YOUR ASSIGNMENT:
From the records below, output exactly the lines running from the line containing "People after RK" through the line containing "Very high viral", and no others.

RECORDS FOR THE EXERCISE:
==============================

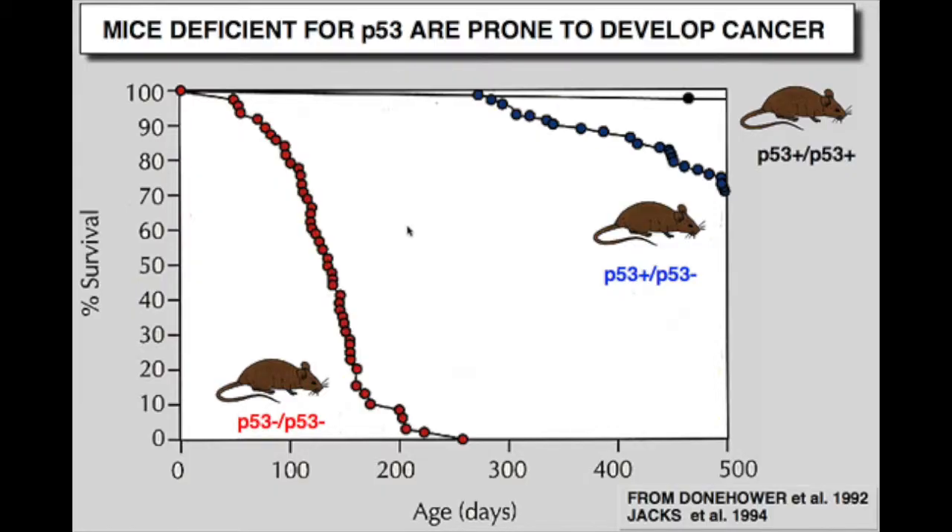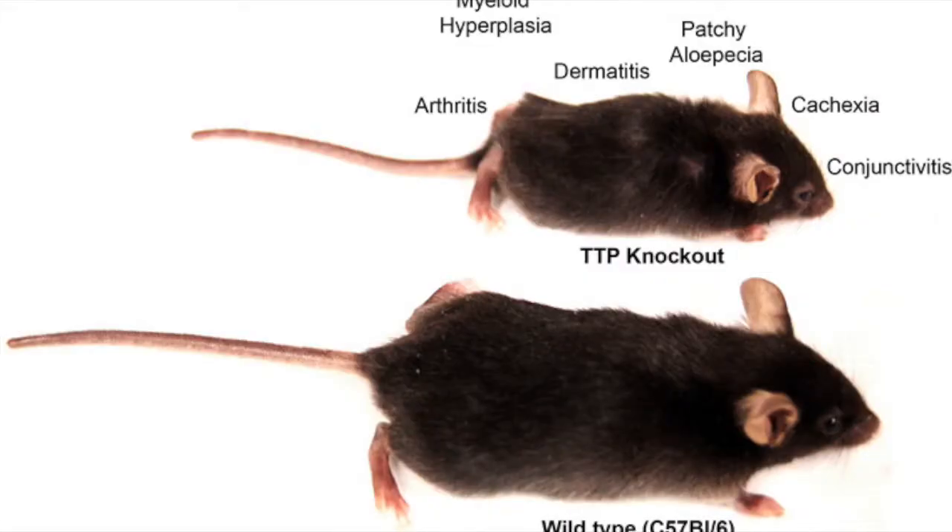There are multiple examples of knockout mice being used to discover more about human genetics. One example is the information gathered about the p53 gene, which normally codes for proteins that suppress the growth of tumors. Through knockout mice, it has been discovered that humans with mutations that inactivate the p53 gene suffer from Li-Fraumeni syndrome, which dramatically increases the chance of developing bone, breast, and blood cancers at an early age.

==============================

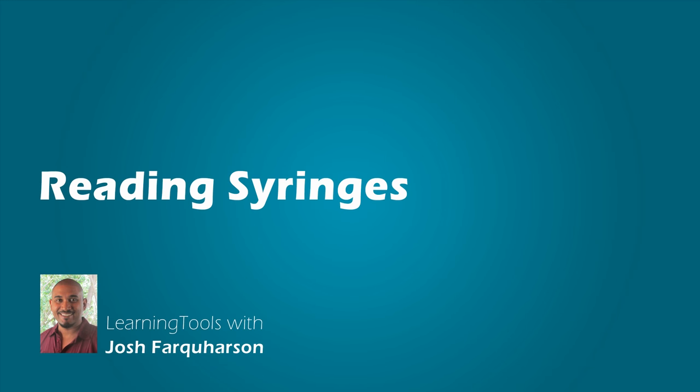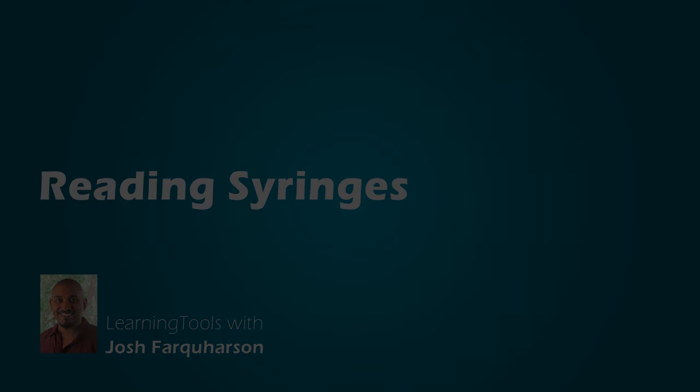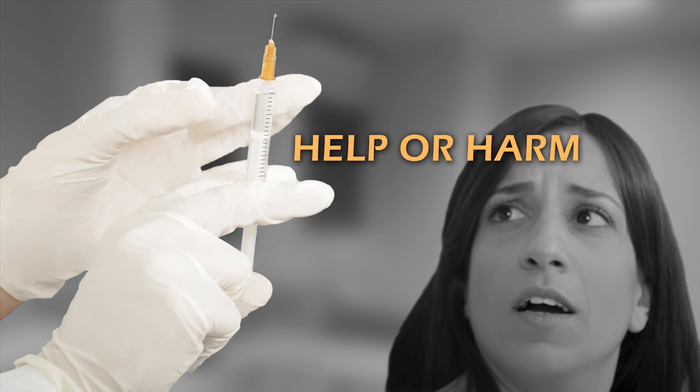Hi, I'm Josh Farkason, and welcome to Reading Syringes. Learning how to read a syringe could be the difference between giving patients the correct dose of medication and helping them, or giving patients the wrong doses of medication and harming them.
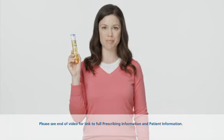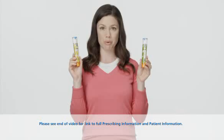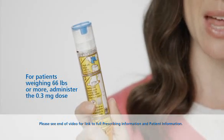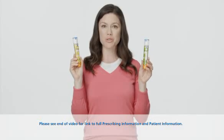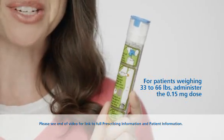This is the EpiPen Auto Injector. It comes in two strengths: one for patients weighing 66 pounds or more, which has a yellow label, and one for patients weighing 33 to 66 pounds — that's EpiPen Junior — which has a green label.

==============================

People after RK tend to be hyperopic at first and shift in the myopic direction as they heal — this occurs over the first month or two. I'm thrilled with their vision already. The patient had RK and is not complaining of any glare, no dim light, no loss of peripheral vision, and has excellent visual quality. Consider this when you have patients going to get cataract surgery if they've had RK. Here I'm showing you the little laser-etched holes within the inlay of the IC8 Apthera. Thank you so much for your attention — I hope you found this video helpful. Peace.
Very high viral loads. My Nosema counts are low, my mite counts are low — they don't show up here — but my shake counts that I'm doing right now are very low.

==============================

WRITTEN ANSWER:
People after RK tend to be hyperopic at first and shift in the myopic direction as they heal — this occurs over the first month or two. I'm thrilled with their vision already. The patient had RK and is not complaining of any glare, no dim light, no loss of peripheral vision, and has excellent visual quality. Consider this when you have patients going to get cataract surgery if they've had RK. Here I'm showing you the little laser-etched holes within the inlay of the IC8 Apthera. Thank you so much for your attention — I hope you found this video helpful. Peace.
Very high viral loads. My Nosema counts are low, my mite counts are low — they don't show up here — but my shake counts that I'm doing right now are very low.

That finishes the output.